6. Four days of fun! Because the Fourth falls on a Tuesday this year the festivities will encompass the weekend, Monday, and Tuesday...At least they will for us. Unlike the one-day-only pressure of Thanksgiving, Christmas, Mothers and Fathers Days, and Easter, we have four days over which to spread the fun. Yipppeeeeee!

7. I don't have to give out candy or create a super fabulous costume for my (somewhat unwilling) son to wear from house to house. And I don't have to schlep from house to house with said son.

8. The weather has a good chance of being nice, simply because it is July. We're pretty certain it won't snow or sleet, and even if it rains we can have fun indoors without the need for bulky sweaters and wool socks. That, in itself, is good reason to celebrate!

9. There are good sales on anything and everything, which can help us kick start a better-than ever summer! And I do love to shop for deals...

10. It is the birthdate of our country. Although the good 'ole USA has its problems (don't get me started) it was founded on the premise of freedom and liberty for all, and it is the beloved home of my birth. The Fourth reminds me not to take for granted my position in the world. I was lucky to be born here, and I am grateful for all of the opportunities I have been provided just for being a citizen of the United States. To grow up knowing that I could be and do anything I put my mind to is huge, and most women of the world do not have that priviledge. The Fourth reminds me not to be complacent, and it reminds me that we still have a long way to go before our country is all that it can be.
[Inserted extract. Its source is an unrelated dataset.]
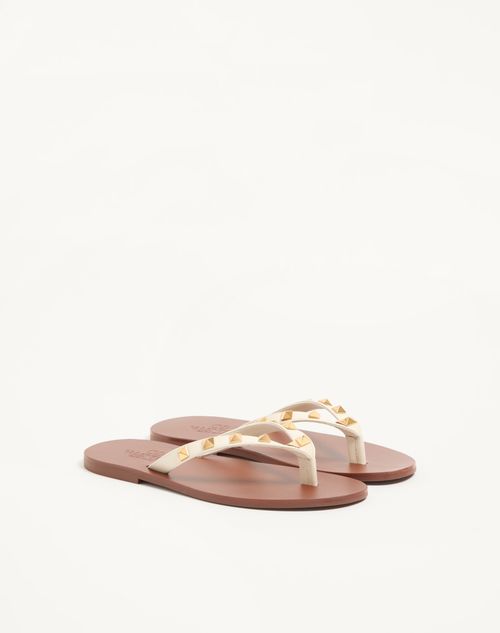 Valentino Garavani - Rockstud Calfskin Flip-flops 05mm - Light Ivory - Woman - Slides And Thongs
In keeping with the spirit of Independence Day, Harrison decided to free himself of the bars that have been holding him back, namely: his crib. He climbed out this morning and fell on his head (he's fine, although mom was slightly a wreck), and has since refused to stay put in it. I turned it around so the very tall side faces out, but he still tries to scale the rungs. I think he might be related to Spider Man. What do we do now?

Wednesday, June 28, 2006

Rescheduled

Wednesday, July 19. 8:45 a.m. Confirmed all around. It better not change again, or heads will roll.

A steady stream of expletives...

has been running through my head since I got off the phone with the paralegal at our attorney's office this morning. They need to reschedule the finalization because our attorney had a conflict. I am on the verge of tears due to anger and frustration. So let me lay it all out for you:

Harrison came home on July 26, 2005.

We met with our attorney for the first time on August 17, 2005, in order to get a head start on the paperwork, per instructions from our adoption agency.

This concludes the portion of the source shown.